_Collected data_
● ● ● ● ● ● ●

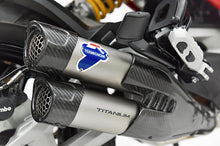 Termignoni Titanium Slip-on Exhaust for Ducati Multistrada V4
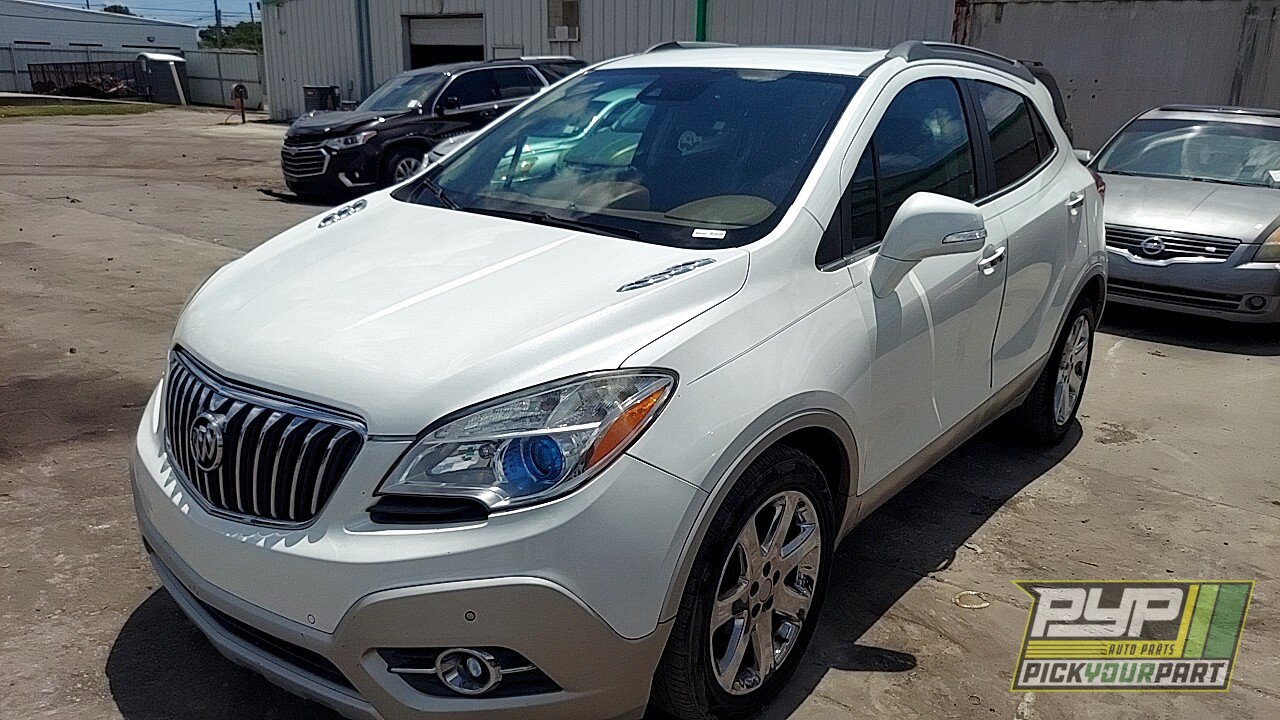 Photo of 2016 Buick Encore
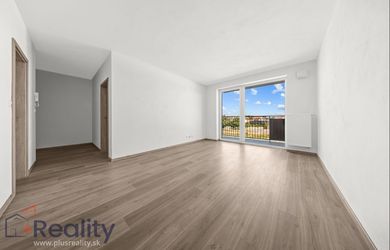 PLUS REALITY | Dvojizbový byt s balkónom v obci Biely Kostol pri Trnave na predaj!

● ● ● ● ● ● ●

_What is expected_
Return the data exactly. Pictures stay out.

_Expected answer_
 Termignoni Titanium Slip-on Exhaust for Ducati Multistrada V4
 Photo of 2016 Buick Encore
 PLUS REALITY | Dvojizbový byt s balkónom v obci Biely Kostol pri Trnave na predaj!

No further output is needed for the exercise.